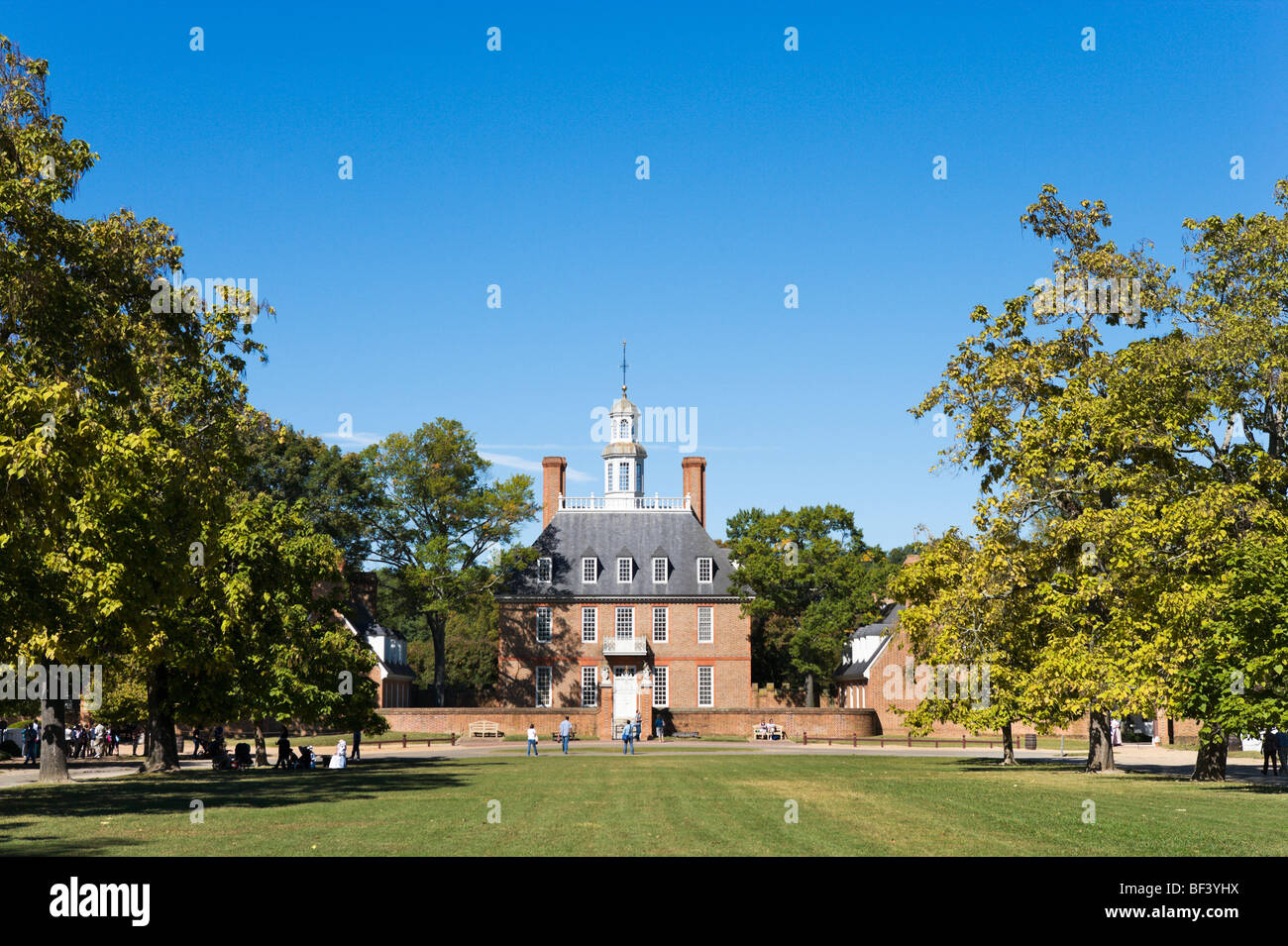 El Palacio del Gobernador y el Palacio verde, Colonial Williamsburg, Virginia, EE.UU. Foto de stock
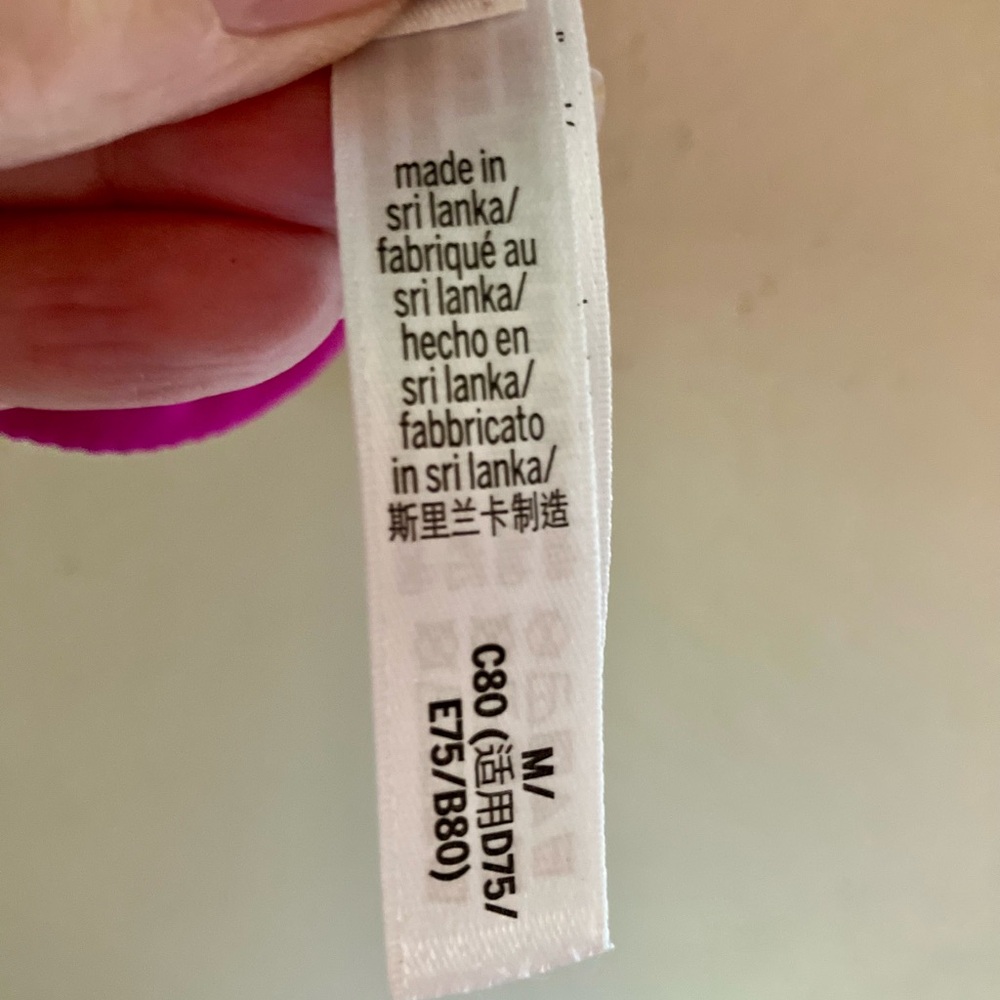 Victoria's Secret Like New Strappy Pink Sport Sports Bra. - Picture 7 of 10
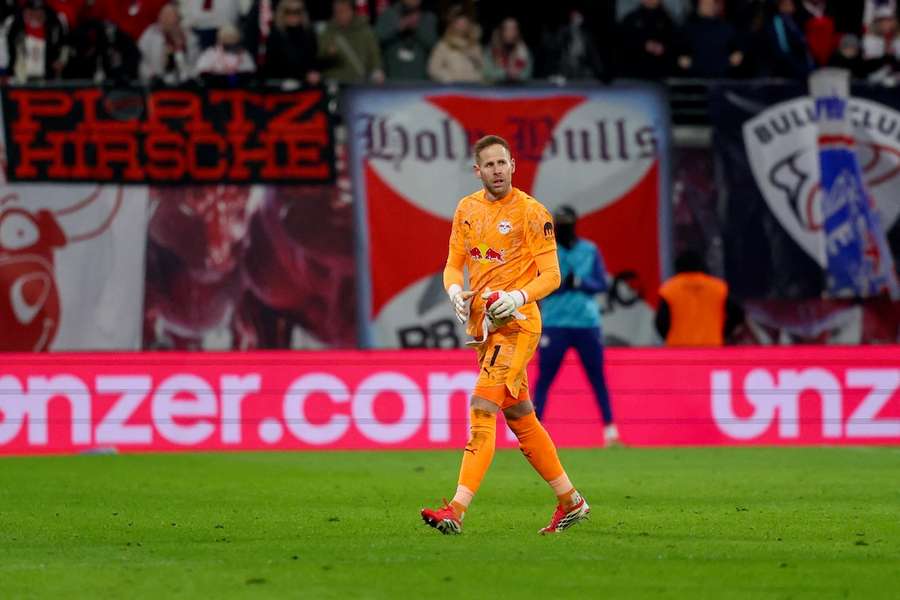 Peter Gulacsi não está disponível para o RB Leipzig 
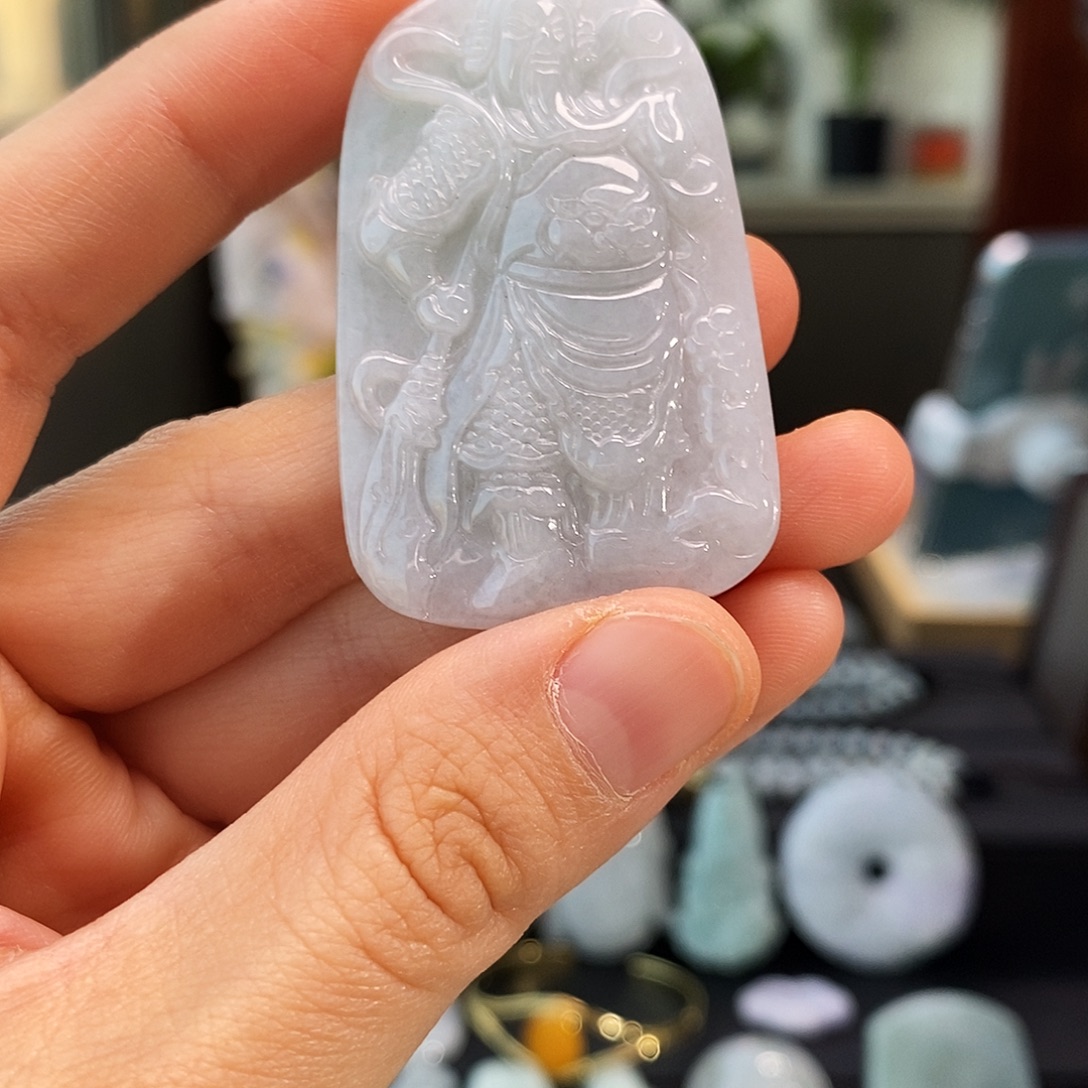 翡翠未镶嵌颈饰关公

== WHAT YOU HAVE TO DO ==
The preceding listing is to be restated word for word, with every picture omitted.

== RESULT ==
 El Palacio del Gobernador y el Palacio verde, Colonial Williamsburg, Virginia, EE.UU. Foto de stock
 Victoria's Secret Like New Strappy Pink Sport Sports Bra. - Picture 7 of 10
 Peter Gulacsi não está disponível para o RB Leipzig 
 翡翠未镶嵌颈饰关公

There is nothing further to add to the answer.